***** The input *****
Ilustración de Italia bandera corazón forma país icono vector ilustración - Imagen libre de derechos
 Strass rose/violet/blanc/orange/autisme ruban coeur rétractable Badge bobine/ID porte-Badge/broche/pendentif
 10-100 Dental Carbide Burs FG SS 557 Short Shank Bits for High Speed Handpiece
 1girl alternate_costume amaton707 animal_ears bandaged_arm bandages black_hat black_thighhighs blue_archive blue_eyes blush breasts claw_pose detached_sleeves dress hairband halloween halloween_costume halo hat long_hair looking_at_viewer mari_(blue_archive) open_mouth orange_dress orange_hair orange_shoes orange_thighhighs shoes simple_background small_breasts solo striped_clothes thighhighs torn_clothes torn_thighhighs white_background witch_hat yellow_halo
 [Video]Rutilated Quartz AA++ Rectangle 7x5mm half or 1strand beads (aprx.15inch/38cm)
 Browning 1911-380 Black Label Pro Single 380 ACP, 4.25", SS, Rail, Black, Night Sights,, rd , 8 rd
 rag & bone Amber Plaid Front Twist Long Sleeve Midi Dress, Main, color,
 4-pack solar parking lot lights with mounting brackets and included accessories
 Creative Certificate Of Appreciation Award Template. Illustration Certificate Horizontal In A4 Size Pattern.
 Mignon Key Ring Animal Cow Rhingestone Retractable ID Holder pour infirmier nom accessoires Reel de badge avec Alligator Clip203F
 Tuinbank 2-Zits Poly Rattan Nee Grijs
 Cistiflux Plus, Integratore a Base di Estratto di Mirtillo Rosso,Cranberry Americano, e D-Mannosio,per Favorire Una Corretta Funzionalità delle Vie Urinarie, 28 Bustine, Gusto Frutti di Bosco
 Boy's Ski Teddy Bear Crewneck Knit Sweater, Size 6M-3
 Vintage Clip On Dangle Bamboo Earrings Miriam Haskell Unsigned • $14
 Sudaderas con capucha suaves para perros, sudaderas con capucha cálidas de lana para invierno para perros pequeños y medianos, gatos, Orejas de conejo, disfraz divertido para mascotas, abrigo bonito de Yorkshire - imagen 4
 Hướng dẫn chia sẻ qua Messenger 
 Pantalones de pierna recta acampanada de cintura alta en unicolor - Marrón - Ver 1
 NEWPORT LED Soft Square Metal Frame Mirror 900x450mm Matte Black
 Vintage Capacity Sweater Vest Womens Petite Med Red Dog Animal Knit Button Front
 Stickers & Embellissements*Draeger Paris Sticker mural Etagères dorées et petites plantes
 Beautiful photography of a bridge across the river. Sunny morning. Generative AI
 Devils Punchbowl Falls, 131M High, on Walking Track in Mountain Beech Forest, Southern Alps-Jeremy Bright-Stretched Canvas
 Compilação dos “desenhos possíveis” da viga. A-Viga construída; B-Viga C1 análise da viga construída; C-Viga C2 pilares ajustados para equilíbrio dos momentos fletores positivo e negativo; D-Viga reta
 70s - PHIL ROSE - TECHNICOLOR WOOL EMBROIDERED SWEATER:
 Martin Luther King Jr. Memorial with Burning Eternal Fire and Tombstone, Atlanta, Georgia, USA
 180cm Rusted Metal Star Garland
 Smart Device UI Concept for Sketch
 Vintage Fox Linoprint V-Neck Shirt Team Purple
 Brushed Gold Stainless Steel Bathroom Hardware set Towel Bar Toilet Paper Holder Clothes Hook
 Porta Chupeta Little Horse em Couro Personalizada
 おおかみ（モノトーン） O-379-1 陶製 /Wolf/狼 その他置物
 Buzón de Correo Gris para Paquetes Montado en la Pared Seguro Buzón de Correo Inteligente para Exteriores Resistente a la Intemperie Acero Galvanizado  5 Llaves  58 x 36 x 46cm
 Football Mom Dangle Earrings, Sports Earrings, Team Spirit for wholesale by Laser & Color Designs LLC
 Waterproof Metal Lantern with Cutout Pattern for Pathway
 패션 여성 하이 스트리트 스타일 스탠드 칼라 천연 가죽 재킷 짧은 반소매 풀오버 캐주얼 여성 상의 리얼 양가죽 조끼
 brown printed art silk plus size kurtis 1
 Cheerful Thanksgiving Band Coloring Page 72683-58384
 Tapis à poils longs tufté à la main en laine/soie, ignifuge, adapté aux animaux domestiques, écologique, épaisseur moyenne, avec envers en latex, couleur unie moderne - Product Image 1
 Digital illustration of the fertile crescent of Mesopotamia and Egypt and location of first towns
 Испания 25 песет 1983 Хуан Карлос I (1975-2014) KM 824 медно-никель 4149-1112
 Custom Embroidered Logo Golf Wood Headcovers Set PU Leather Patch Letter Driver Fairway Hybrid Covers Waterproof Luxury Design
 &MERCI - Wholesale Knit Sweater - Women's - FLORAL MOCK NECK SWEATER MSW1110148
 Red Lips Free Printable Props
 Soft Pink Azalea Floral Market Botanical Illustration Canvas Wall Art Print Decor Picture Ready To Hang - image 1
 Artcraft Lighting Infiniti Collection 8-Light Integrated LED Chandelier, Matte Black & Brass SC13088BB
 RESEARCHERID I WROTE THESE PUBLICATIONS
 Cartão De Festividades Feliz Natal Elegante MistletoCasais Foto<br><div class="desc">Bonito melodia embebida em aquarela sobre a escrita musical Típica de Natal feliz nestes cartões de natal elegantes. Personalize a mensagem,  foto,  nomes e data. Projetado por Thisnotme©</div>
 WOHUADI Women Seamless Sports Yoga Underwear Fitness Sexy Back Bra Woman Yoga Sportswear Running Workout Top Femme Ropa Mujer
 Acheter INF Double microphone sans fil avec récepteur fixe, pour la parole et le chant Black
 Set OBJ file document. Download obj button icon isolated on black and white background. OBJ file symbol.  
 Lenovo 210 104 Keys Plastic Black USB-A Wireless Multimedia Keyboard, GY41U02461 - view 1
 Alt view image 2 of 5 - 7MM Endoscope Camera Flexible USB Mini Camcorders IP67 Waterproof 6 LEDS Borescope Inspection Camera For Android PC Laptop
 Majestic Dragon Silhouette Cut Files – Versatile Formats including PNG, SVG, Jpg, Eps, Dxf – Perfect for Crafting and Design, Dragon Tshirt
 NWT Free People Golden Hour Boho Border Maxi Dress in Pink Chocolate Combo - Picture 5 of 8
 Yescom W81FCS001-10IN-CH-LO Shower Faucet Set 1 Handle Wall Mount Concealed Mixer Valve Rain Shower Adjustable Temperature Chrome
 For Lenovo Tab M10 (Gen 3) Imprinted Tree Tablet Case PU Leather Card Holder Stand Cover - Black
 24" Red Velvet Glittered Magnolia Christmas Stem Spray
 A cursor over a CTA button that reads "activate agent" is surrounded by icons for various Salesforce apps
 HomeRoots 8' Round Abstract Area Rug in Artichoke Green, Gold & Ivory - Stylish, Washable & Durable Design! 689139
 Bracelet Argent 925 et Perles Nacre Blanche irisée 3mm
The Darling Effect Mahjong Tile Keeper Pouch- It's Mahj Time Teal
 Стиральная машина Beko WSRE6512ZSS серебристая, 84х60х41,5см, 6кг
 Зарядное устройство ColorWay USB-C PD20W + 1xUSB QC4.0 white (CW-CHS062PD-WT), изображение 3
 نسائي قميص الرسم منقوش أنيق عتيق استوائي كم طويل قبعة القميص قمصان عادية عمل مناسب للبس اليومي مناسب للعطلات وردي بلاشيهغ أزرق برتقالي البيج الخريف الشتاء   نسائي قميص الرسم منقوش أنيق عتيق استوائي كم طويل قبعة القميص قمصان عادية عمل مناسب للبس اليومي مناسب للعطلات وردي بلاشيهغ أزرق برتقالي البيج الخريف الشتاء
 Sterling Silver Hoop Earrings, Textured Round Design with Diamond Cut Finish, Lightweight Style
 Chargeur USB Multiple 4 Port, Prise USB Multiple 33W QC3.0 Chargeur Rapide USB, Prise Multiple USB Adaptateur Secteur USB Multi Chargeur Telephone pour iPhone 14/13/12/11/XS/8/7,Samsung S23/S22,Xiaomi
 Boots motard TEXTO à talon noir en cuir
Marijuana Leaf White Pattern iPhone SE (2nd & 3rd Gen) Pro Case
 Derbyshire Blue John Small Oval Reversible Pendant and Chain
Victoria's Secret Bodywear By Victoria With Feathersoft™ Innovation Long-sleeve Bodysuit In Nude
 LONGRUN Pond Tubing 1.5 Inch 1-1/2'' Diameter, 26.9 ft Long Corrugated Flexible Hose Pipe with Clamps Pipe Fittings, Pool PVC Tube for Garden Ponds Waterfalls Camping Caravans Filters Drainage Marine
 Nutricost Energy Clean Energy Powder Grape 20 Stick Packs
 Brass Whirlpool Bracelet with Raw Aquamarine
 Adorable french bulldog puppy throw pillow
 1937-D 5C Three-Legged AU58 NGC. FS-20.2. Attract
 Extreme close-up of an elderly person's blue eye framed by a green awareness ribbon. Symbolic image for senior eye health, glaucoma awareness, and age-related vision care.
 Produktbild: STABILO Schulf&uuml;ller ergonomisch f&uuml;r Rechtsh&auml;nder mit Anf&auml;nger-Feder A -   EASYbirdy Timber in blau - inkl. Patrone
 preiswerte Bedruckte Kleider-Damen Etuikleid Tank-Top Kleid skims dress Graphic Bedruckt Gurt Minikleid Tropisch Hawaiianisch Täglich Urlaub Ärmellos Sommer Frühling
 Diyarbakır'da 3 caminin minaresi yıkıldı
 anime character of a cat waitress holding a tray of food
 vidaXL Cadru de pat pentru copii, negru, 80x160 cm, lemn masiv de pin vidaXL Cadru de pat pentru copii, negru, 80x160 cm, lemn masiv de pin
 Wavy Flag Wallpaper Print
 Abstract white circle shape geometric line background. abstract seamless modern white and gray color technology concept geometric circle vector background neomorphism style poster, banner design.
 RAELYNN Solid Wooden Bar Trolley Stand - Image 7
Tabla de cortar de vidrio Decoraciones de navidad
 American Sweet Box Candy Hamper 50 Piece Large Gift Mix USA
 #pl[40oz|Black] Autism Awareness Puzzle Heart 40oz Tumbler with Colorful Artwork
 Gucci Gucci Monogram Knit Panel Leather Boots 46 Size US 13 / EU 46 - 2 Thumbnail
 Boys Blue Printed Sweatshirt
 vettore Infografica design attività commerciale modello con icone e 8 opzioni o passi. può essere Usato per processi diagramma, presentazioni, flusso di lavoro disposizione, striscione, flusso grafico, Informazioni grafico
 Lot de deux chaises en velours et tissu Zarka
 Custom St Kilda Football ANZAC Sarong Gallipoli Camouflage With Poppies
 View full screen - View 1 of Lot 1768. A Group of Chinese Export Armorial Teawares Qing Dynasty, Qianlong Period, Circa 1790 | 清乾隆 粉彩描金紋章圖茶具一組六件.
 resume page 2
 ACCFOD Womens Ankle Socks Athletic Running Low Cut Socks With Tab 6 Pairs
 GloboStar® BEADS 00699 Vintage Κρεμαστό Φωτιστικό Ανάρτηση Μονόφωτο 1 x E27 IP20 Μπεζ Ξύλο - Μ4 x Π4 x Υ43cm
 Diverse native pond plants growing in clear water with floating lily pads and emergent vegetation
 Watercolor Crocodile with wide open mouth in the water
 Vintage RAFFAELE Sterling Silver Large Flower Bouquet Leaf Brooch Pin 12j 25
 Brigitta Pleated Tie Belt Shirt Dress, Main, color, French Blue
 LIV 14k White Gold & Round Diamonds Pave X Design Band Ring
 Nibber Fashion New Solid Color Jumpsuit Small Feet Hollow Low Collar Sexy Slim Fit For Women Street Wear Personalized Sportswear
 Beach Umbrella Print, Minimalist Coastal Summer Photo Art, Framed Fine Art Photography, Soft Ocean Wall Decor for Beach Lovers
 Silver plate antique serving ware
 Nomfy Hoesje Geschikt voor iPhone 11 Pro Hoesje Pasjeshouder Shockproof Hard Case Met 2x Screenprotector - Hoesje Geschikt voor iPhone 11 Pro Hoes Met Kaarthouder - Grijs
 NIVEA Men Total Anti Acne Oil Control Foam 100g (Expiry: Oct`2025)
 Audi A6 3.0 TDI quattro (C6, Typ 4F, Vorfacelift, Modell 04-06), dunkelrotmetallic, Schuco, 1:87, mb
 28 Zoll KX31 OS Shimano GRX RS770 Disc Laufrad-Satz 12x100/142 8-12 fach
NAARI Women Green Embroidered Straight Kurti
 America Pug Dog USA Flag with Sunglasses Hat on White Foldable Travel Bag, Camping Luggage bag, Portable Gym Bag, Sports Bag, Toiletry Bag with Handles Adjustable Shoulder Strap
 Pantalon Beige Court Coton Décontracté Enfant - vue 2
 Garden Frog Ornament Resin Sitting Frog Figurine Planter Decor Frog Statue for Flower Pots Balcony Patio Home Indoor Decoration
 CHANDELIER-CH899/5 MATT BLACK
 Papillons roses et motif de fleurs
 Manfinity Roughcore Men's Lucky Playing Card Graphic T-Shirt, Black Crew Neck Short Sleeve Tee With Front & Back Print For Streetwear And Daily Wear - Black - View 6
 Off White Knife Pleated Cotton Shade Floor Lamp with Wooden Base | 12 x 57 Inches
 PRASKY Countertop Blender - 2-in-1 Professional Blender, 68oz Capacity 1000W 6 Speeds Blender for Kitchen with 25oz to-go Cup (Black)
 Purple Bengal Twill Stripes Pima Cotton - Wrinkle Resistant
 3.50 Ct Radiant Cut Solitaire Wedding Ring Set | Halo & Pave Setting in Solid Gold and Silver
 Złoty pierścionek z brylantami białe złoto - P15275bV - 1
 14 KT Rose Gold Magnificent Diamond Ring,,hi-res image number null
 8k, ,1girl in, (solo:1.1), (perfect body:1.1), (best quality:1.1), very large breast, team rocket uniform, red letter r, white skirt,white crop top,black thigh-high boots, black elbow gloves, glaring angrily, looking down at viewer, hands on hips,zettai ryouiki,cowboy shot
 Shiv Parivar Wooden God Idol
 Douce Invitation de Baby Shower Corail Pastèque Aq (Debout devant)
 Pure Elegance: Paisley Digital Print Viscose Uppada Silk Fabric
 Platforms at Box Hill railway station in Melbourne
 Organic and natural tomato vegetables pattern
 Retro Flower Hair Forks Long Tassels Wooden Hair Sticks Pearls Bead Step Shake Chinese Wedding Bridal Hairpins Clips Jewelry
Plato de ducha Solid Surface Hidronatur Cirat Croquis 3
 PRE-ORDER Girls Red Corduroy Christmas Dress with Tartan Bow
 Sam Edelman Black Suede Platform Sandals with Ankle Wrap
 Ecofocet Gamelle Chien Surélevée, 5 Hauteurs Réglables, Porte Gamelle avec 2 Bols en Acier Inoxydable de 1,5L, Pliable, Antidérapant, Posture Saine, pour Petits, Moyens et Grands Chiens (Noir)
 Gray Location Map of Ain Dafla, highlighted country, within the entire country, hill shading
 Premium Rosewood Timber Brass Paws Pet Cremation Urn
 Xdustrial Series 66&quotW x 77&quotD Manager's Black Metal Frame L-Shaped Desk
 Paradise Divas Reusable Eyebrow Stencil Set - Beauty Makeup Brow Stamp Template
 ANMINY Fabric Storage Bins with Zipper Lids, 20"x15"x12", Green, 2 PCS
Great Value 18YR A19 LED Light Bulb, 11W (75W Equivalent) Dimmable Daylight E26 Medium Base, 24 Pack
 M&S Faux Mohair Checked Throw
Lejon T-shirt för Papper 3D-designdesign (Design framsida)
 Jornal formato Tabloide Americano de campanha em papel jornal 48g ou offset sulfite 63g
*****
■ How to complete this task ■
In the entries above, please find the line with "View full screen" and the line with "Watercolor Crocodile with", then write out exactly those two lines and every line between them, and nothing more.

■ Result of this task ■
 View full screen - View 1 of Lot 1768. A Group of Chinese Export Armorial Teawares Qing Dynasty, Qianlong Period, Circa 1790 | 清乾隆 粉彩描金紋章圖茶具一組六件.
 resume page 2
 ACCFOD Womens Ankle Socks Athletic Running Low Cut Socks With Tab 6 Pairs
 GloboStar® BEADS 00699 Vintage Κρεμαστό Φωτιστικό Ανάρτηση Μονόφωτο 1 x E27 IP20 Μπεζ Ξύλο - Μ4 x Π4 x Υ43cm
 Diverse native pond plants growing in clear water with floating lily pads and emergent vegetation
 Watercolor Crocodile with wide open mouth in the water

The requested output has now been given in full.